Required action: What you return must match the entries word for word, minus the pictures.

Dataset records
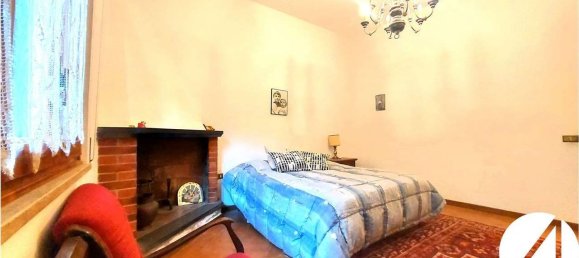 3 rooms Apartment in Prato, Italy No. 48808 24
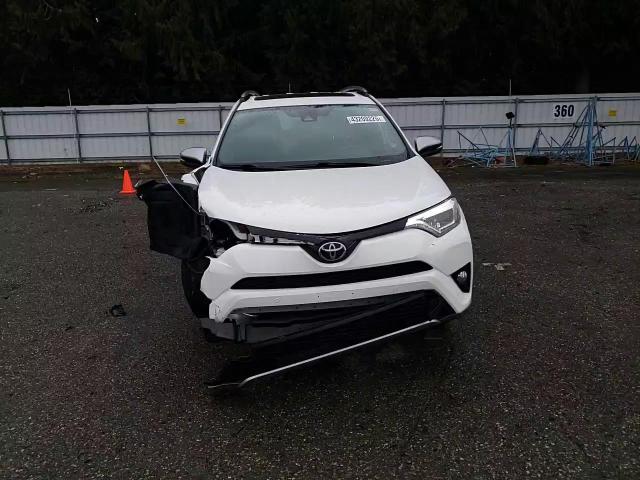 2017 Toyota RAV 4 - Image 12
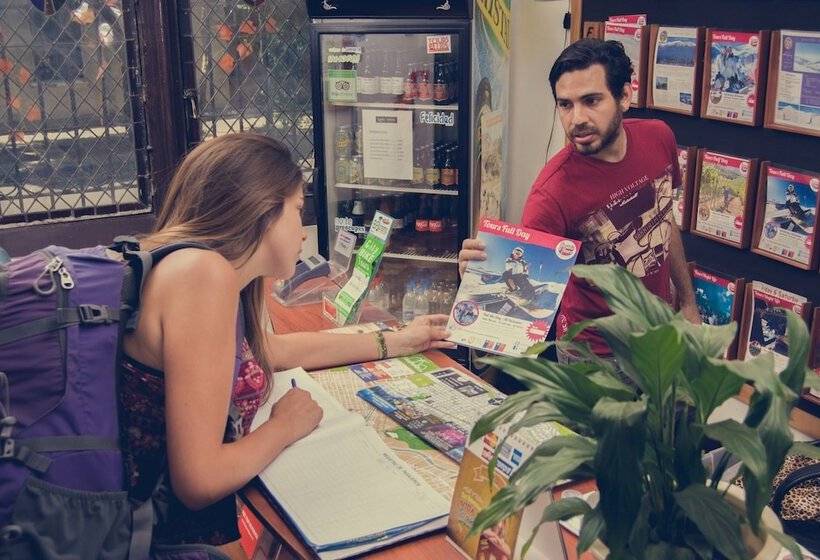 هتل Landay Hostel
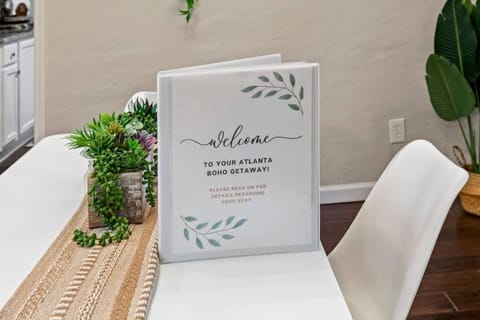 Cozy Buckhead Suite - great area, free easy parking, near shops and restaurants Apartment in Buckhead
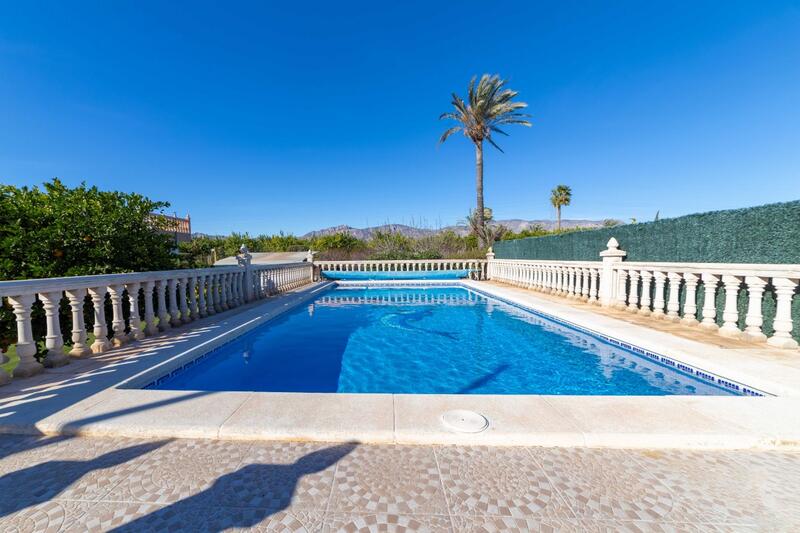 3 Cuarto Casa de Campo en venta 3 Cuarto Casa de Campo en venta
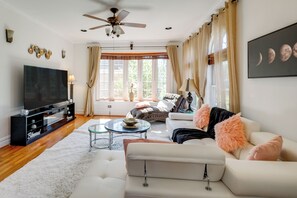 TV - Take Metro to DC! Family Home in Springfield (Springfield)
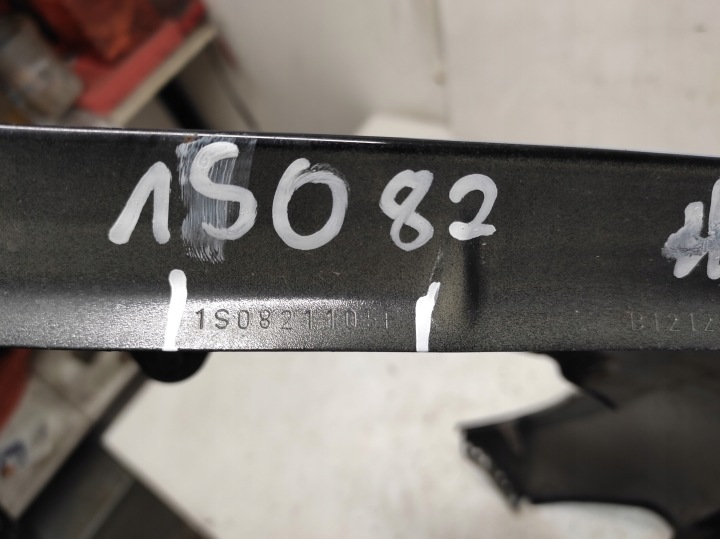 VW UP LIFT 16- AILE GAUCHE AVANT 1S0821105F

Response to the task:
 3 rooms Apartment in Prato, Italy No. 48808 24
 2017 Toyota RAV 4 - Image 12
 هتل Landay Hostel
 Cozy Buckhead Suite - great area, free easy parking, near shops and restaurants Apartment in Buckhead
 3 Cuarto Casa de Campo en venta 3 Cuarto Casa de Campo en venta
 TV - Take Metro to DC! Family Home in Springfield (Springfield)
 VW UP LIFT 16- AILE GAUCHE AVANT 1S0821105F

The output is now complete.